§ **Material provided**:
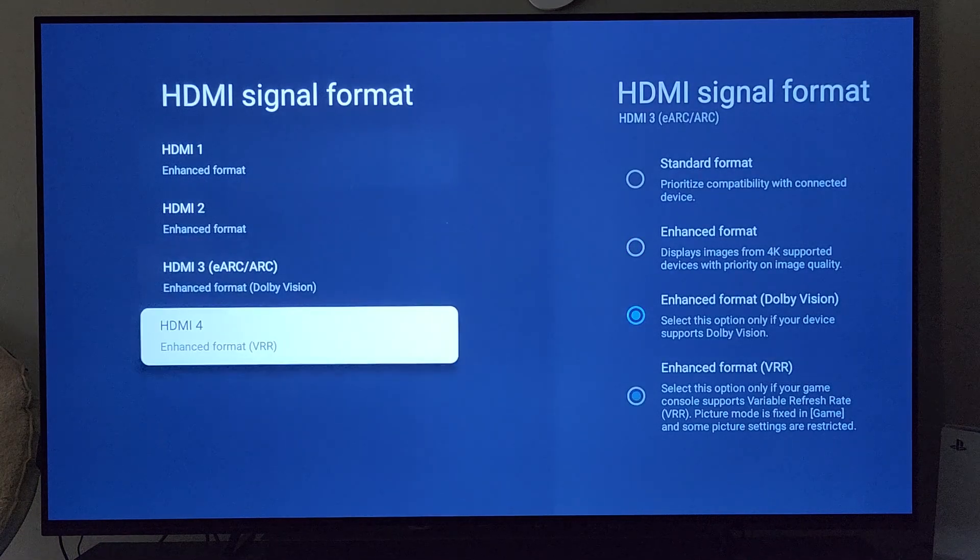Going down to HDMI 3 and 4 — HDMI 3 is where you're going to have your eARC and ARC port setup. So if you have a soundbar with eARC or if you have a home theater setup, this is where you'll want to connect that.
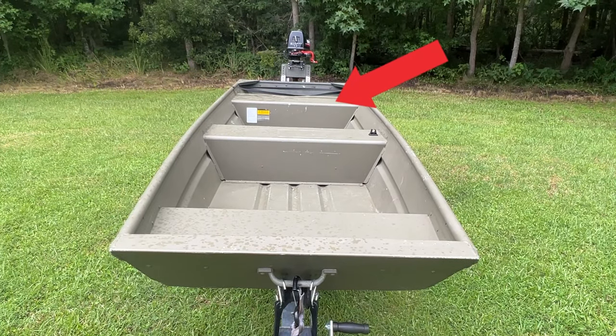Now we're going to step into the build. A lot of it is going to be time-lapse with voiceover, but I'm going to walk you through the entire process from start to finish. First things first — let's talk about the hatch I dropped into this thing. I knew I needed a storage solution because there's really nowhere to put things in a john boat. It's only 32 inches wide, so it's not the stablest boat, and having things in particular spots is key.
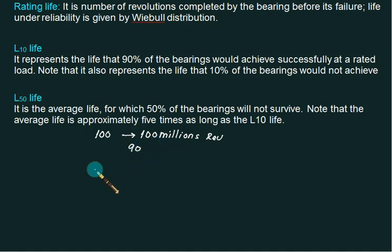So if 90 out of 100 bearings successfully pass a test of 100 million revolutions, it is called the L10 life — meaning failure is only 10 percent. For L50 life, the definition is similar but only 50 percent of bearings survive. The average L50 life is approximately five times as long as L10 life. Normally, we use the L10 life concept, and companies provide data for L10.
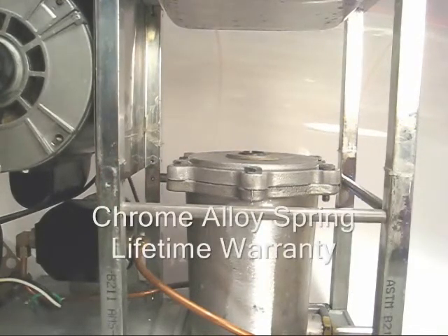I hope you like what you see. New and improved chrome alloy springs, and they have a lifetime warranty.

§ **What this task involves**: Copy out the material above in full and exactly; its pictures are not to appear.

§ **Response area**:
Going down to HDMI 3 and 4 — HDMI 3 is where you're going to have your eARC and ARC port setup. So if you have a soundbar with eARC or if you have a home theater setup, this is where you'll want to connect that.
Now we're going to step into the build. A lot of it is going to be time-lapse with voiceover, but I'm going to walk you through the entire process from start to finish. First things first — let's talk about the hatch I dropped into this thing. I knew I needed a storage solution because there's really nowhere to put things in a john boat. It's only 32 inches wide, so it's not the stablest boat, and having things in particular spots is key.
So if 90 out of 100 bearings successfully pass a test of 100 million revolutions, it is called the L10 life — meaning failure is only 10 percent. For L50 life, the definition is similar but only 50 percent of bearings survive. The average L50 life is approximately five times as long as L10 life. Normally, we use the L10 life concept, and companies provide data for L10.
I hope you like what you see. New and improved chrome alloy springs, and they have a lifetime warranty.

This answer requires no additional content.